Fire containment specialist Clark Wright has rushed to help a charity after disaster struck.

The charity Smallburgh to Africa, which aims to send a bus to the Ivory Coast to teach children, had bought a double-decker bus for £7,000. It was on its way from Croydon to the Crown pub in Smallburgh when it burst into flames on the A11 and was totally destroyed.

Gary Hammatt from Clark Wright contacted Geoff Ripley, a PSV dealer, and between them they donated a replacement bus, free of charge. Sovereign Recovery General Manager Sam Street contributed by recovering the bus to the Crown for free.

Clark Wright supplies an engine bay fire containment product called eQuilt. Says Gary: “If eQuilt had been fitted to the bus that caught alight, they wouldn’t have lost it.”

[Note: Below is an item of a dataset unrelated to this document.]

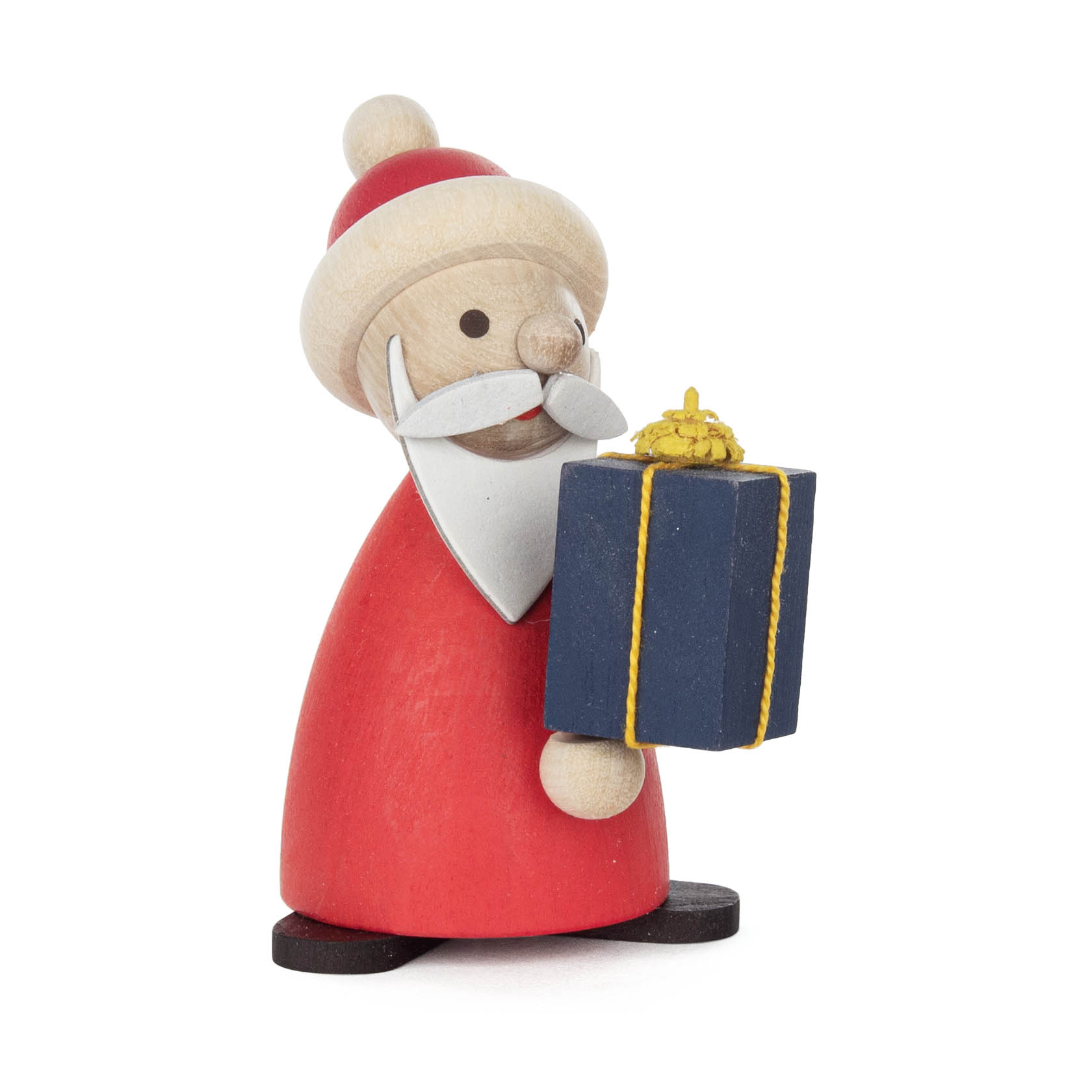 Eine kleine Holzfigur von Ruprecht in roter Kleidung hält ein Geschenk mit dunkler Verpackung in den Händen. im Dregeno Online Shop günstig kaufen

The bus will be shipped out to West Africa, where the Crown’s landlady Eunice Kokrasset is originally from, in September. Eunice and 20 neighbours from Smallburgh will then fly out to meet it, and stay with it for two weeks as it tours schools as a mobile library and resource centre.

Although Norman Lamb, MP for North Norfolk, officially launched the bus at the Crown in July, he was unaware that fires on public service vehicles happened as often as they do, and assured Gary that he would bring this to the attention of the Secretary of State for Transport in Parliament at his earliest convenience.